"""

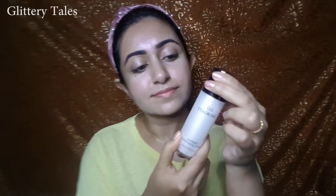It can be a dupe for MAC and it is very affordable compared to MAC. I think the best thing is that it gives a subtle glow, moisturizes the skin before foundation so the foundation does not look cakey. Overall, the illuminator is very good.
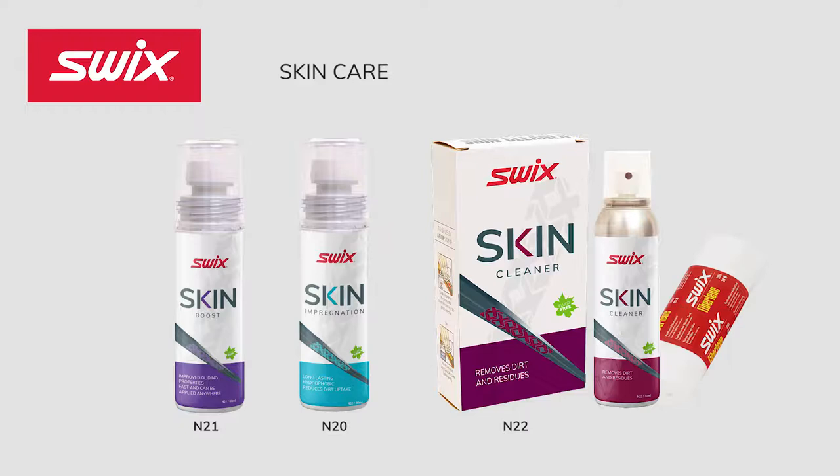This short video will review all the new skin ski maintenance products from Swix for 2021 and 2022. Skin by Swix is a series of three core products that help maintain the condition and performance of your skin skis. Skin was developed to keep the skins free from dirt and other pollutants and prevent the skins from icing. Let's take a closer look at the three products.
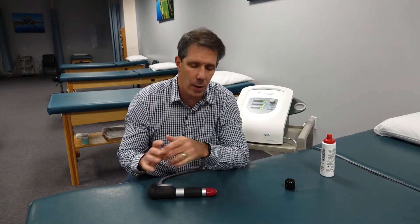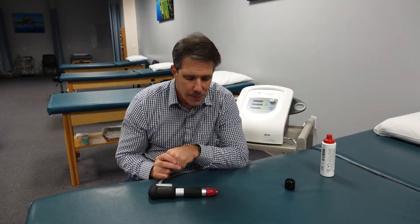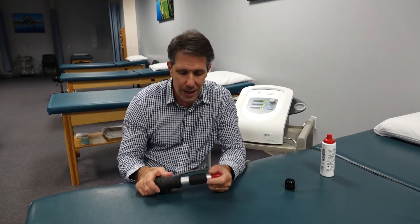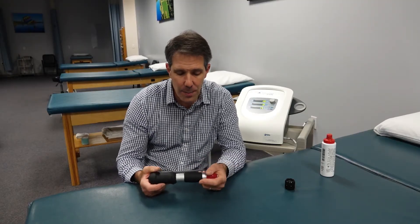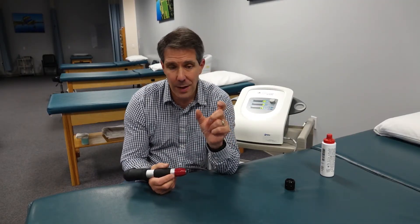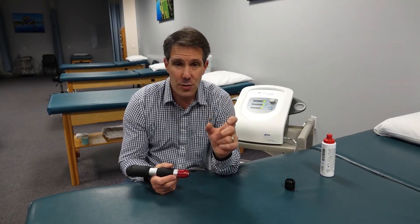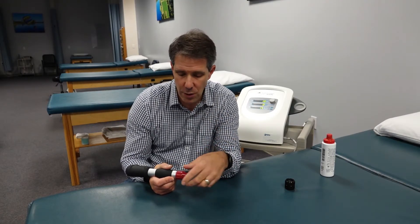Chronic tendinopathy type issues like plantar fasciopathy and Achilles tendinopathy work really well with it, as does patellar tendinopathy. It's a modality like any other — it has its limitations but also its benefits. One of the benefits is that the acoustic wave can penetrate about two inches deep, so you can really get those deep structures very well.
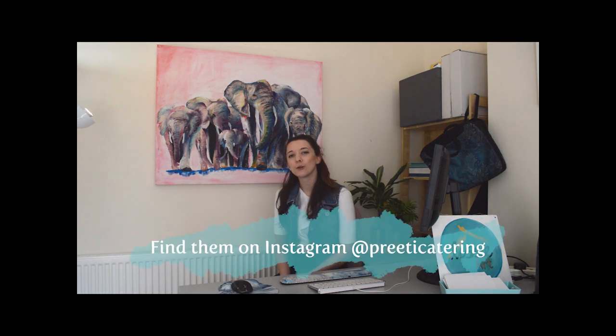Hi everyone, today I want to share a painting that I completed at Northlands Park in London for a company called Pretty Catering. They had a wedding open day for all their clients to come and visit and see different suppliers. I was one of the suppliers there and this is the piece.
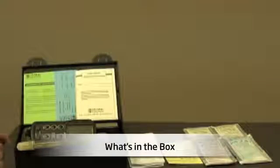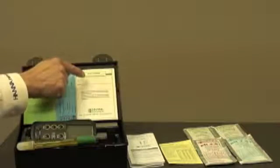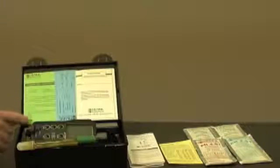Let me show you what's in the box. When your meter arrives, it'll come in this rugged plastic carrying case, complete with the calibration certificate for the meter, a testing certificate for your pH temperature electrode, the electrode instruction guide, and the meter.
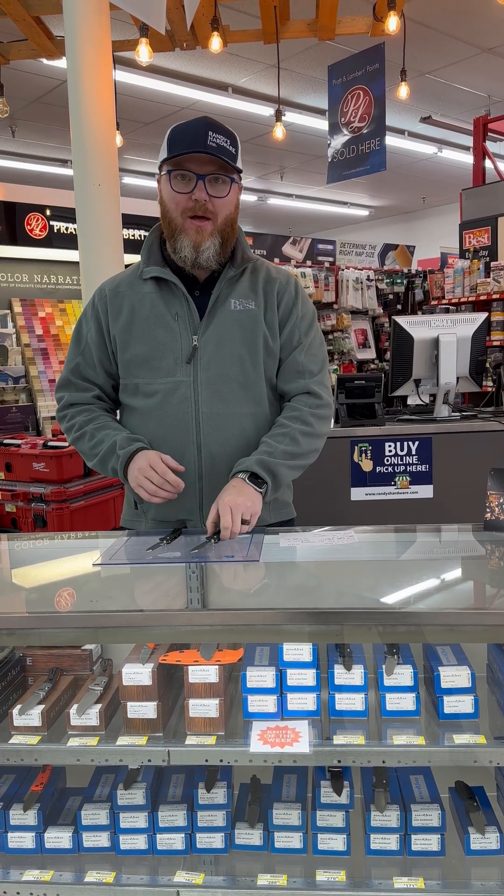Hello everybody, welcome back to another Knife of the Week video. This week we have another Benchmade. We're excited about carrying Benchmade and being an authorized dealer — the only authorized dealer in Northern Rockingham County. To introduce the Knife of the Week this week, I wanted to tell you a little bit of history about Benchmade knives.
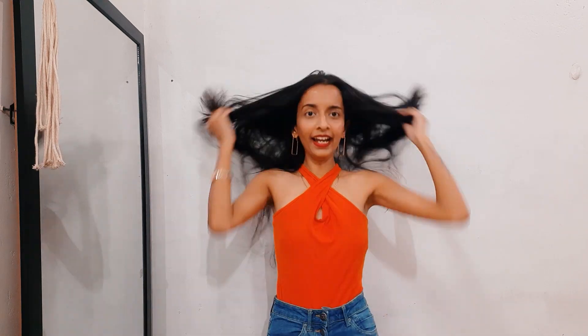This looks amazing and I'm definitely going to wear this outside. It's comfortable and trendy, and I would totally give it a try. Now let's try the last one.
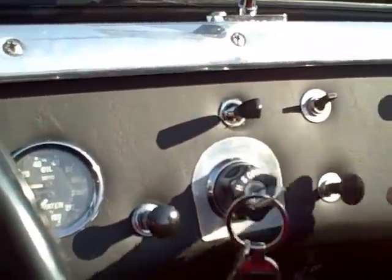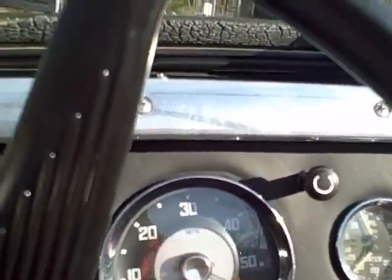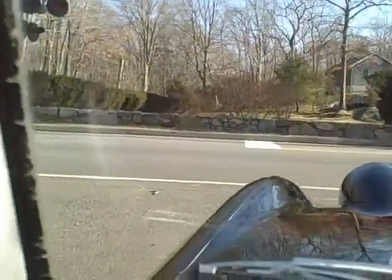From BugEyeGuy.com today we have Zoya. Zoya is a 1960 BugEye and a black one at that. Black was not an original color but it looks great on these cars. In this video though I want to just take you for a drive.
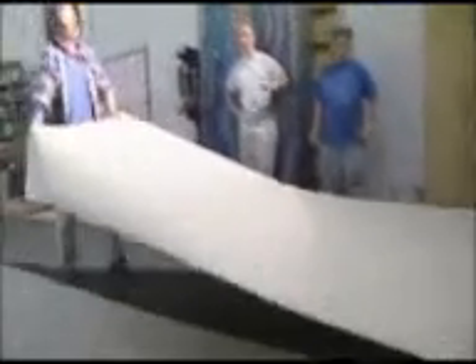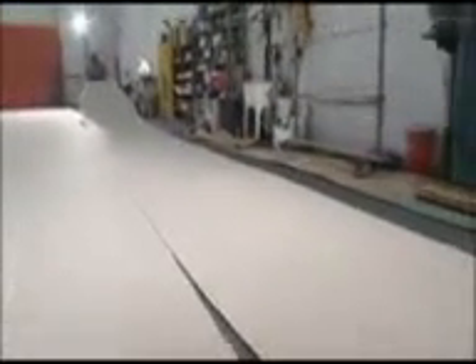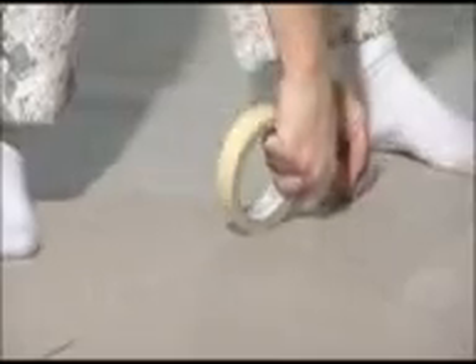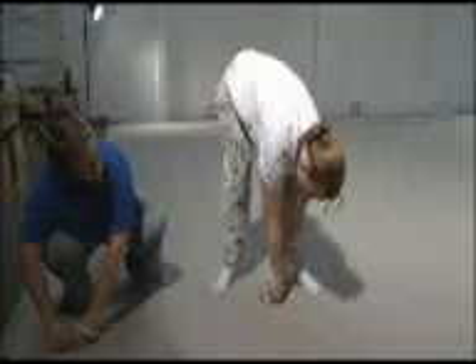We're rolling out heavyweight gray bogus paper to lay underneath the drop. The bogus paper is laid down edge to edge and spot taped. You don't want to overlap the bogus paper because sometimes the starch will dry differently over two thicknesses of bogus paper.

"""

§ Your instructions
The listing above should be returned word for word, with pictures omitted.

§ Answer to this problem
It can be a dupe for MAC and it is very affordable compared to MAC. I think the best thing is that it gives a subtle glow, moisturizes the skin before foundation so the foundation does not look cakey. Overall, the illuminator is very good.
This short video will review all the new skin ski maintenance products from Swix for 2021 and 2022. Skin by Swix is a series of three core products that help maintain the condition and performance of your skin skis. Skin was developed to keep the skins free from dirt and other pollutants and prevent the skins from icing. Let's take a closer look at the three products.
Chronic tendinopathy type issues like plantar fasciopathy and Achilles tendinopathy work really well with it, as does patellar tendinopathy. It's a modality like any other — it has its limitations but also its benefits. One of the benefits is that the acoustic wave can penetrate about two inches deep, so you can really get those deep structures very well.
Hi everyone, today I want to share a painting that I completed at Northlands Park in London for a company called Pretty Catering. They had a wedding open day for all their clients to come and visit and see different suppliers. I was one of the suppliers there and this is the piece.
Let me show you what's in the box. When your meter arrives, it'll come in this rugged plastic carrying case, complete with the calibration certificate for the meter, a testing certificate for your pH temperature electrode, the electrode instruction guide, and the meter.
Hello everybody, welcome back to another Knife of the Week video. This week we have another Benchmade. We're excited about carrying Benchmade and being an authorized dealer — the only authorized dealer in Northern Rockingham County. To introduce the Knife of the Week this week, I wanted to tell you a little bit of history about Benchmade knives.
This looks amazing and I'm definitely going to wear this outside. It's comfortable and trendy, and I would totally give it a try. Now let's try the last one.
From BugEyeGuy.com today we have Zoya. Zoya is a 1960 BugEye and a black one at that. Black was not an original color but it looks great on these cars. In this video though I want to just take you for a drive.
We're rolling out heavyweight gray bogus paper to lay underneath the drop. The bogus paper is laid down edge to edge and spot taped. You don't want to overlap the bogus paper because sometimes the starch will dry differently over two thicknesses of bogus paper.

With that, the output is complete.